[sldev] [META][AWG]log chat of AWG meeting Friday, Oct 5, 2007
Argent Stonecutter
secret.argent at gmail.com
Sat Oct 6 21:37:32 PDT 2007
On 06-Oct-2007, at 18:34, Callum Lerwick wrote:
> I thought we were agreeing that permissions are part of an asset
> instance. :)
OK.
> Description is a bit less clear cut. An asset creator would
> probably want to be able to set a name and a description that is
> part of
> the asset, thus part of its identity. You would then be unable to edit
> that description without ending up with a new asset.
In SL the description and name can be changed if the asset is not
read-only.
Permissions are informational only. In this case they mean "if you
change this, it will get reset if you return this asset to this domain".

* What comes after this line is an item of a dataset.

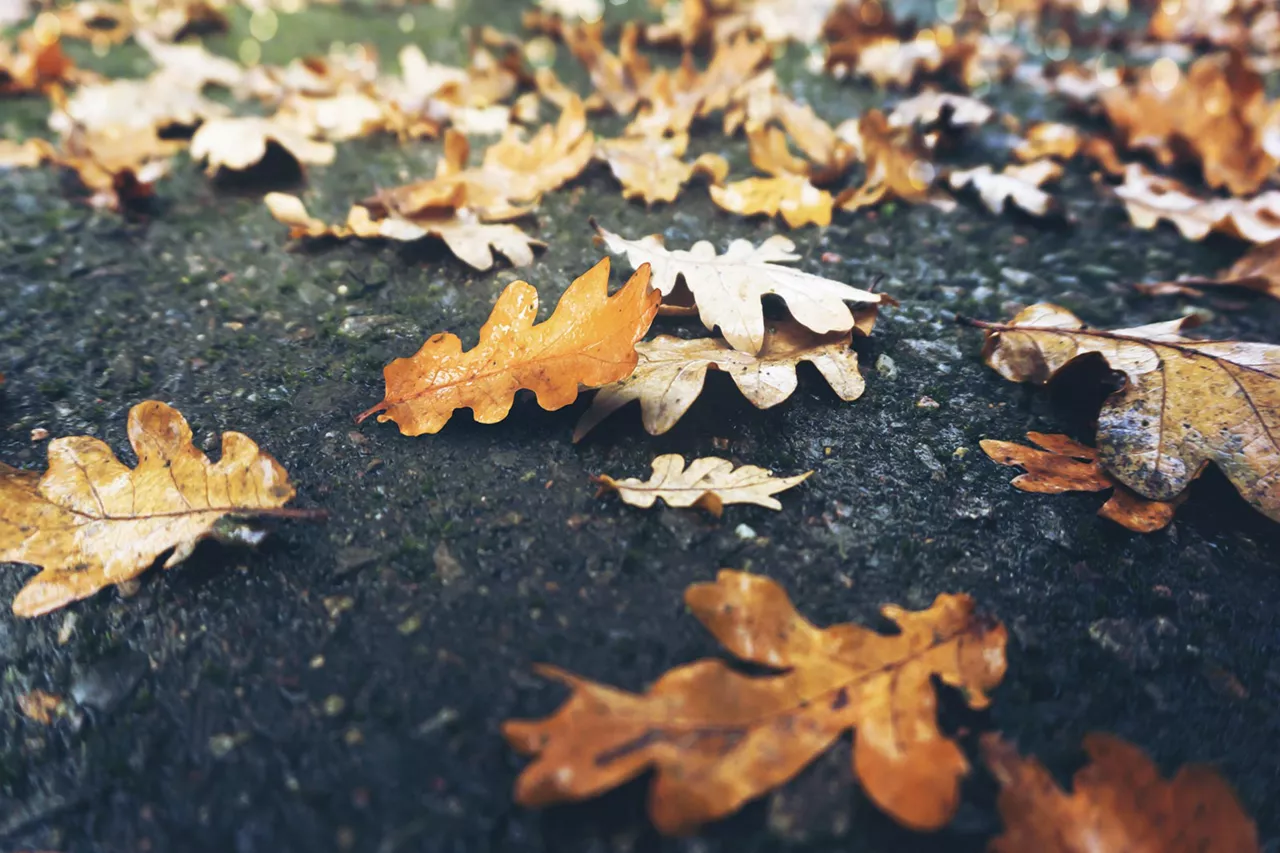 herbstlaub-auf-asphalt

> Well, we would have compound assets. An SL object would be a list of
> prims, with references to textures, scripts and whatnot that are
> stored
> as separate assets.
Yah, I mean we don't need to make ALL assets compound assets.
And prims are kind of a special case. A prim is a container, a
linkset a two-level tree. The prim itself is a compoint asset in that
it has references to textures (at least) as properties of the prim
itself, the assets inside it are references in the local domain, but
probably need to be fetched recursively or even completely serialized
for transfers.
>> I think the "instance" needs to be a long term object, as well. If
>> you edit a texture in your inventory, change its properties, its
>> identifier shouldn't change.
> Which properties? Either you're creating a new global asset, or you're
> editing instance properties. You'll have to be more specific.
If you edit instance properties of the asset inside your inventory,
the id you get when you ask for its UUID should not change, and that
instance should still be what you get when you ask for that asset
within the domain (say, rendering a prim you textured through that
instance of that asset). So within your local domain (say, within
second life... it's a domain in this context) the "instance" in your
inventory is stored in an asset server (it may be called an agent
server or an inventory server, but it answers asset server queries).
Damn, I can't see how to make that clearer. Am I making sense?